We are living in an interesting age; an age of extremism, terrorism, technology, acceptance, indulgence, enlightenment, nihilism, advancements, feminism and Trumpisms to name but a few. What a time to be alive! In these contemporary times of fake news and skewed news one thing is certain with regards to the news; the news this month (February 2018) has been dominated by Ulster rugby players on trial for allegedly raping a young lady at a house party. Professional sportsmen Paddy Jackson and Stuart Olding are facing a rape conviction while another accused man, Blane McIlroy, is on tenterhooks for the less serious offence of exposure. The ignominious criminal trial of the shamed rugby stars involved a night of loutish hooliganism, of that there is no doubt. Nevertheless it is still important to remember that Paddy Jackson and his co-accused are innocent until proven guilty. In fact, judging from media coverage of the trial it appears very likely that the verdict could result in an acquittal or a hung jury.
The rugby-rape trial is just one of many sexual assault scandals that has caused outrage in recent years. The volume of sex crimes that have been reported in the last ten years is a cause for concern and it highlights the reality that society has got problems with sexual misconduct. The issue of consent needs to be thoroughly discussed, explicated and understood in order to mitigate the widespread endemic of inappropriate behavior.
The issue of consent can be a grey area because the provision of consent is sometimes expressed through semantics and body language rather than succinct wording. Sometimes women are not verbally direct in expressing their desire for mating activities.
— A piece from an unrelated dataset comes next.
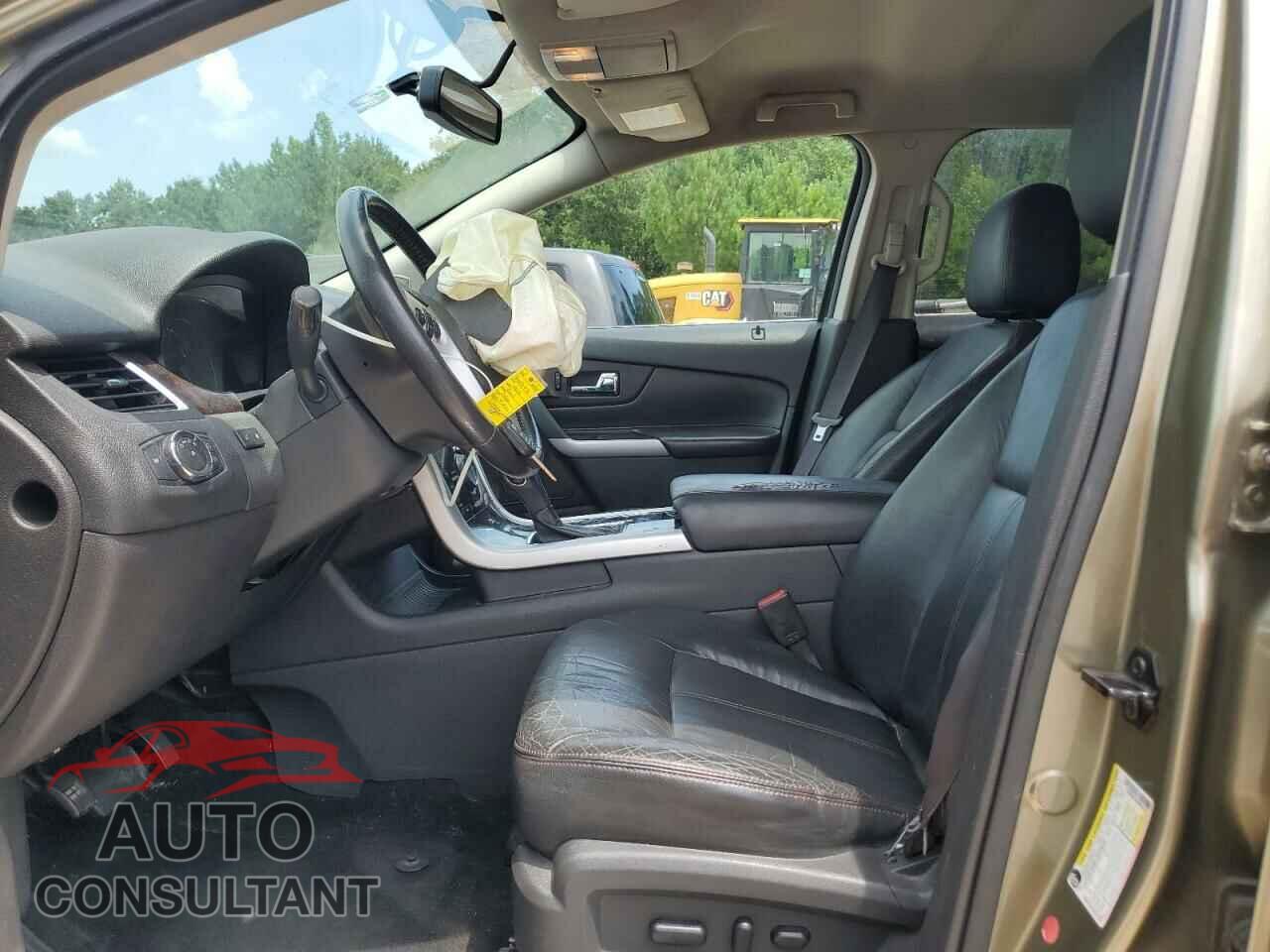 FORD EDGE 2013 - 2FMDK3KC5DBB02673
Girls do not always approach boys in such a forthright manner as to say “hello, fuck me now please,” or “hey you, I am desperate to give you a blowjob down the alleyway.” Women have their own reasons for being subtle in expressing seduction.
The dynamics of the mating game asks of male players to read and understand signals coming from potential mates. Knowing how to flirt and understanding when it is appropriate to kiss, touch and push for sex is an important skill that presents difficulty for some people. A deficiency of such skills can hinder an individual’s ability to initiate consensual sexual activity with a desired partner, and, in some cases a lack of mating game skills might correlate with inappropriate action. For example:
Imagine a man at a bar. The man lacks the essential skills required to succeed at the mating game, he has difficulty understanding signs of rejection from a woman whom he is attracted to. The woman interacts with him but she does not want to engage in physical contact with him. She folds her arms and rolls her eyes to heaven but does not directly ask the man to “leave her alone.” The inadequate man thinks he is flirting and in response to what he believes is a make or break moment, he puts his arm around the woman and leans in for a kiss before she finally rebuffs him with force. The man and woman then depart from each other. In putting his arm around the woman and planting a kiss on her the man walks away having committed a sexual assault although he is unaware of the fact that he has done so. The woman walks away feeling distraught yet unsure of whether or not she has been sexually assaulted. In this particular case the nebulous framework of the mating game has demonstrated problems related to the issue of consent.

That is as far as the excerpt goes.